1 Corinthians 1:4–9
From the Confessions: The Defense of the Augsburg Confession
Concerning the Number and Use of the Sacraments
Confirmation and Extreme Unction are rites received from the Fathers which not even the Church requires as necessary to salvation since they do not have God’s command. Therefore it is useful to distinguish these rites from the former, which have God’s express command and a clear promise of grace.
Pulling It Together
By definition, confirmation and extreme unction, or last rites, are not sacraments. They do not contain the clear command of God in Scripture, nor do they have a promise of his grace. This is not to say that confirmation and last rites do not have value. Yet, if they are considered sacraments, then it is the Church’s grace that is offered, with whatever value that human or, worse, institutional grace has to offer. For these things are institutionally commanded.
Again, this is not to say that the Church should not have rites like Confirmation, but we should not consider it a sacrament that offers God’s grace.
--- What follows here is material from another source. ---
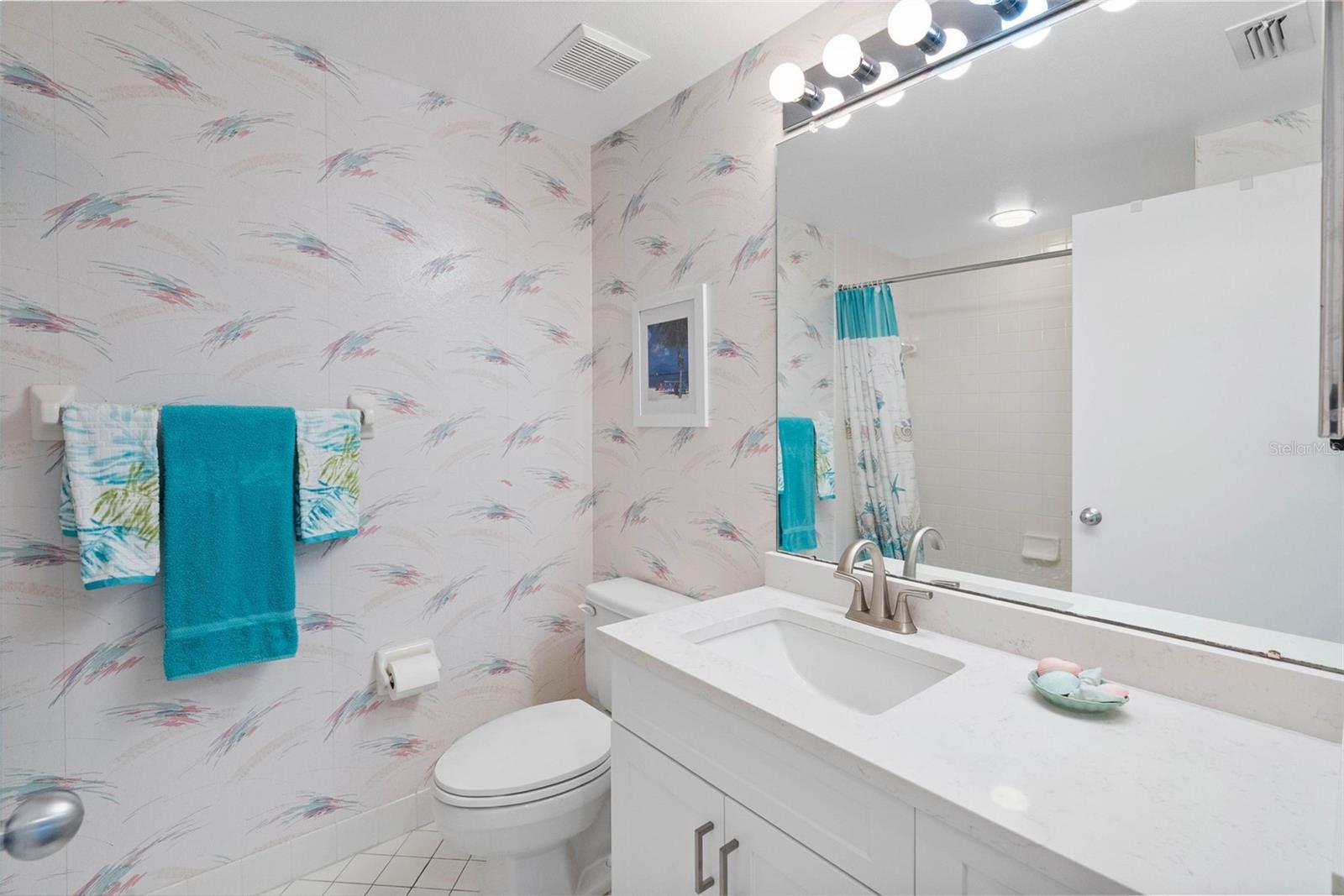 8021 SAILBOAT KEY BOULEVARD S, #304, St Petersburg, FL 33707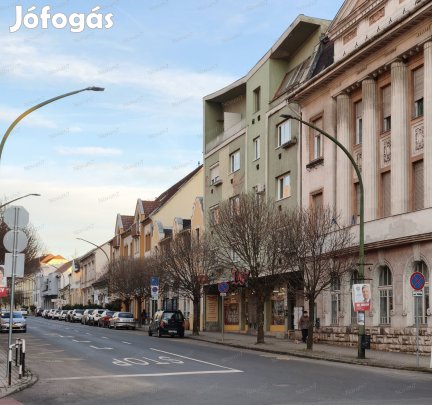 Eladó téglalakás, Kaposvár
Rather, it is God who confirms us outside of any commandment of a rite. True confirmation comes from God’s Spirit, not from the Church. He freely gives us faith and his gifts, sustaining (or confirming, 1 Cor 1:8, KJV, ASV, NASB) believers until the end. He keeps us holy and blameless until his coming just as he made us holy and righteous to begin with, because of faith in Christ.
Prayer: Thank you, Lord, for your free gift of grace. Amen.